WLAD
- Danbury, Connecticut; United States;
- Broadcast area: Greater Danbury
- Frequency: 800 kHz

Programming
- Language: English
- Format: News/Talk
- Affiliations: Fox News Radio; Compass Media Networks; Premiere Networks; Radio America; SRN News; Townhall; Westwood One; Danbury Westerners;

Ownership
- Owner: The Berkshire Broadcasting Corporation
- Sister stations: WAXB; WDAQ;

History
- First air date: October 5, 1947

Technical information
- Licensing authority: FCC
- Facility ID: 65456
- Class: B
- Power: 1,000 watts (day); 286 watts (night);
- Transmitter coordinates: 41°22′27.3″N 73°26′45.4″W﻿ / ﻿41.374250°N 73.445944°W
- Translator: 94.1 W231DJ (Danbury)

Links
- Public license information: Public file; LMS;
- Webcast: Listen live
- Website: wlad.com

= WLAD =

Radio station in Danbury, Connecticut

WLAD (800 AM) is a commercial radio station licensed to Danbury, Connecticut, broadcasting a news/talk radio format. WLAD is owned by Berkshire Broadcasting, with its studios and offices are located on Mill Plain Road in Danbury and its transmitter is located on Brushy Hill Road, also in Danbury.

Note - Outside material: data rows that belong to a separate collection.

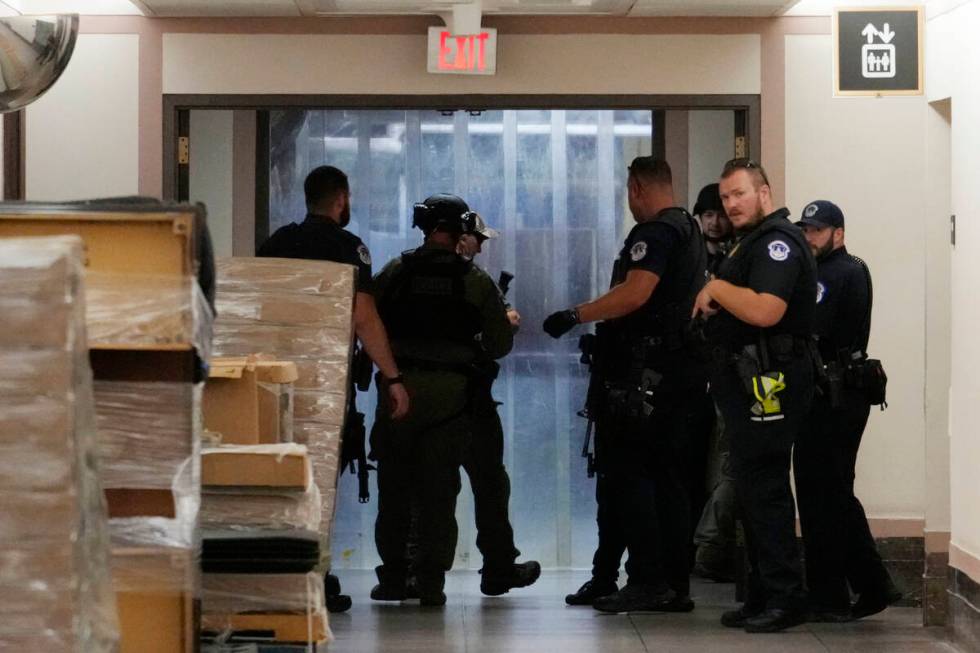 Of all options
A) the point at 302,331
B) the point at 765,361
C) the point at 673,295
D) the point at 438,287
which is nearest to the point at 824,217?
the point at 673,295

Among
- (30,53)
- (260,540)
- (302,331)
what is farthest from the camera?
(302,331)

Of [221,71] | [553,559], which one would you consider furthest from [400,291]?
[553,559]

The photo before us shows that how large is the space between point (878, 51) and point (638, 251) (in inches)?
44.9

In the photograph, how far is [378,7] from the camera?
573 centimetres

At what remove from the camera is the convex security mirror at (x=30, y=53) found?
3904 millimetres

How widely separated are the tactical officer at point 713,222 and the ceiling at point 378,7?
0.86 meters

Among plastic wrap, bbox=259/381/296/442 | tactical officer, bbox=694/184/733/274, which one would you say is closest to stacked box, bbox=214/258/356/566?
plastic wrap, bbox=259/381/296/442

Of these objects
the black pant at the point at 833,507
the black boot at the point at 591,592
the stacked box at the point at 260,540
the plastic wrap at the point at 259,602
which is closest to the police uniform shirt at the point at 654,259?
the black pant at the point at 833,507

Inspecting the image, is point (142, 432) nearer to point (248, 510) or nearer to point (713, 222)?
point (248, 510)

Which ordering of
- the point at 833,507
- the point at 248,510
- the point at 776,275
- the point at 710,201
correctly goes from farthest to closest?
the point at 710,201
the point at 833,507
the point at 776,275
the point at 248,510

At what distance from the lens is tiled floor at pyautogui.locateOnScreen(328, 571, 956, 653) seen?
489 centimetres

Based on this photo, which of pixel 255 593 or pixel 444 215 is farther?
pixel 444 215

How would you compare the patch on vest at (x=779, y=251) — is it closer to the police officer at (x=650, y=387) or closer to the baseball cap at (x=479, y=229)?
the police officer at (x=650, y=387)

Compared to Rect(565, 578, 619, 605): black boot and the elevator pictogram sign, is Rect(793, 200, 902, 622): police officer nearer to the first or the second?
the elevator pictogram sign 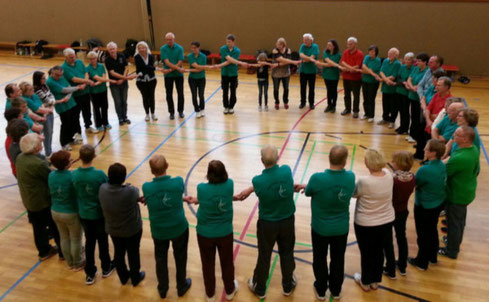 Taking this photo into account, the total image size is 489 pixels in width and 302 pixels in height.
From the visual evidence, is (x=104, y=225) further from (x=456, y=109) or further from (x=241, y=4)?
(x=241, y=4)

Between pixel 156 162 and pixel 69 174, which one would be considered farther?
pixel 69 174

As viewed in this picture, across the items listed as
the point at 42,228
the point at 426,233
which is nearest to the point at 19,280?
the point at 42,228

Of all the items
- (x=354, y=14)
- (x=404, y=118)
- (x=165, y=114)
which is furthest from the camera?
(x=354, y=14)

WLAD operates at 1,000 watts using a non-directional antenna; because 800 AM is a clear channel frequency reserved for Mexico and Canada. WLAD must reduce power at night to 286 watts. In early 2017, WLAD began simulcasting on an FM translator, W231DJ at 94.1 MHz.

==History==
On June 17, 1947, the Berkshire Broadcasting Corporation received a construction permit to build a new radio station in Danbury. It was the second attempt by the company to secure a radio station; it had lost out on an application for 1490 kHz when the FCC assigned it to a group from Torrington. WLAD first signed on the air on October 5, 1947. At first, the station broadcast with only 250 watts of power as a daytime-only station. One of the founding members of the company, John Previdi, later served as mayor of Danbury. It was approved to increase its power to 1,000 watts by day in 1965, but it took until the 1980s for it to get nighttime authorization. Its first day as a 24-hour AM station was August 25, 1986. In 1953, the station signed on an FM sister station, WLAD-FM 98.3, which is today WDAQ.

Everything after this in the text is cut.